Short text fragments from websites
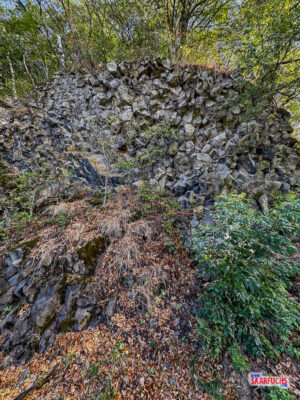 Eine riesige fächerförmige Lavarosette aus dunklem Basaltgestein im Basaltpark
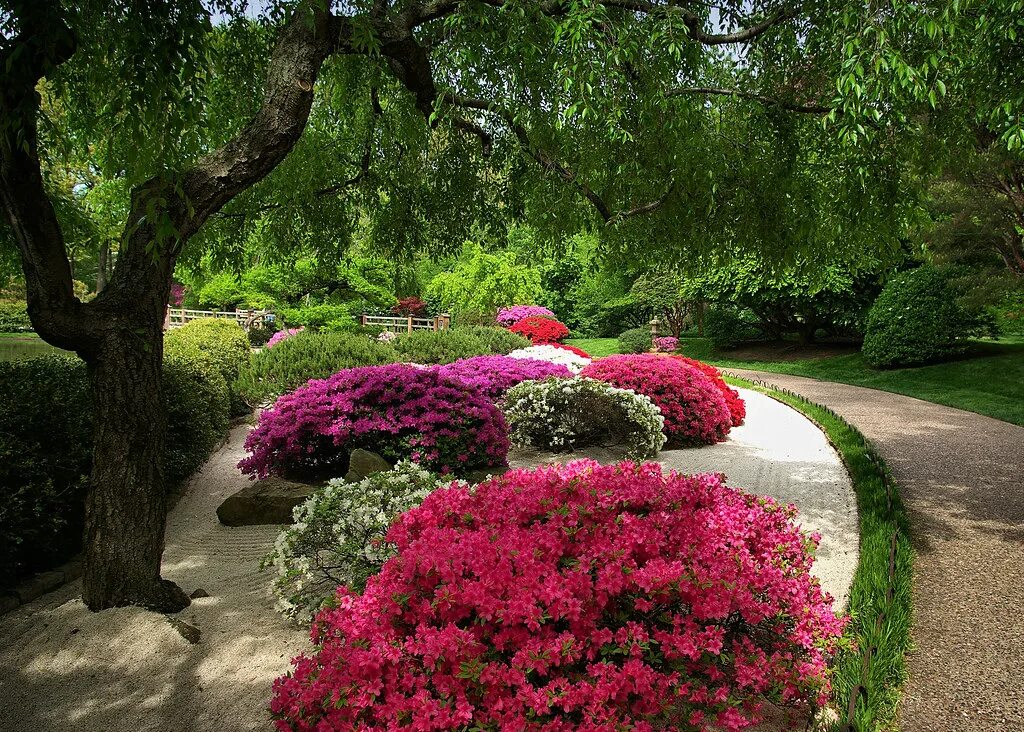 Ландшафтный сад в англии бель шото. Почему сад называется садом. Садово-парковая архитектура (ландшафтная архитектура). Английский сад с хвойниками. Какой в каком саду улица как называется сад как называется.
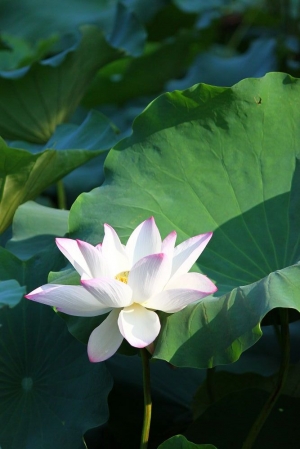 植物園晨拍 展現55-250mm高CP值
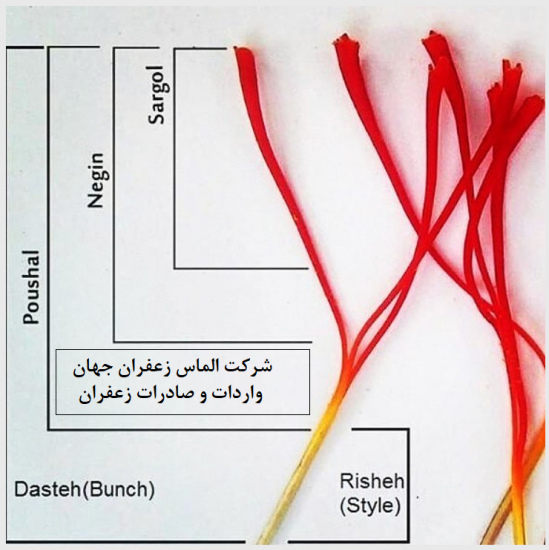 زعفران سرگل اعلاء انتخاب ایده‌آل برای مصارف عمده 2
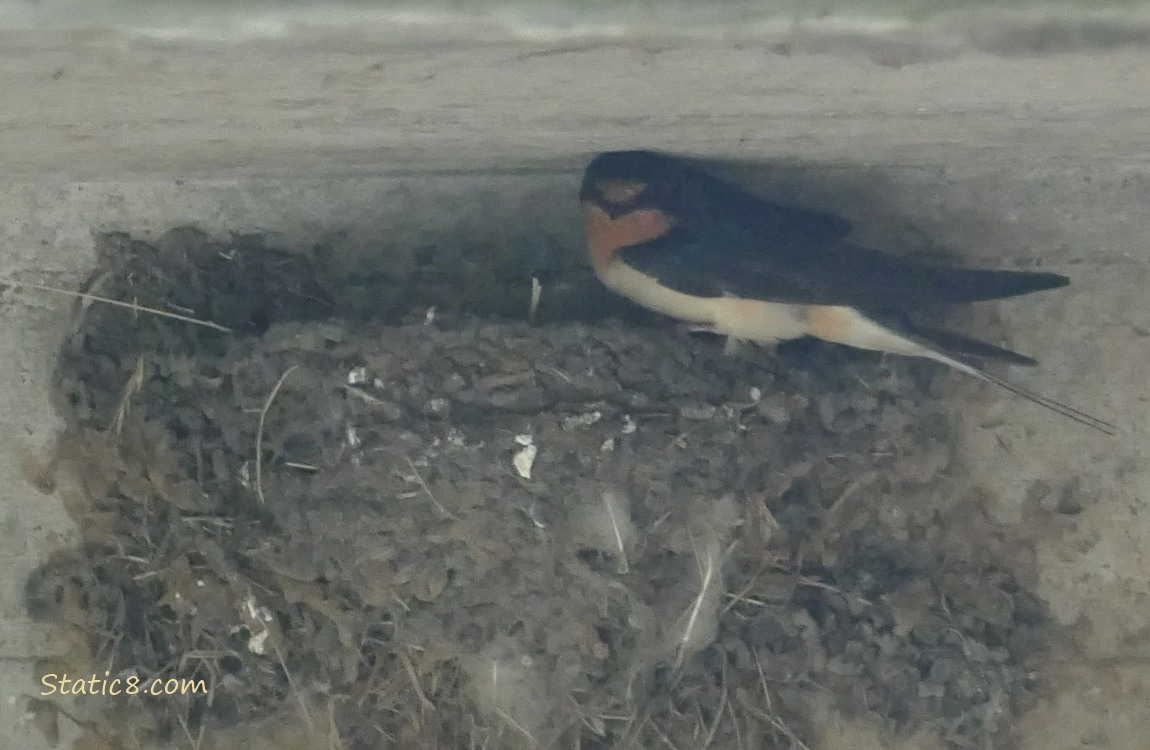 Barn Swallow parent standing on the edge of the nest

> _AIM OF THE TASK_:
The records above are to be copied exactly, without their pictures.

> _SOLUTION TO THIS PROBLEM_:
 Eine riesige fächerförmige Lavarosette aus dunklem Basaltgestein im Basaltpark
 Ландшафтный сад в англии бель шото. Почему сад называется садом. Садово-парковая архитектура (ландшафтная архитектура). Английский сад с хвойниками. Какой в каком саду улица как называется сад как называется.
 植物園晨拍 展現55-250mm高CP值
 زعفران سرگل اعلاء انتخاب ایده‌آل برای مصارف عمده 2
 Barn Swallow parent standing on the edge of the nest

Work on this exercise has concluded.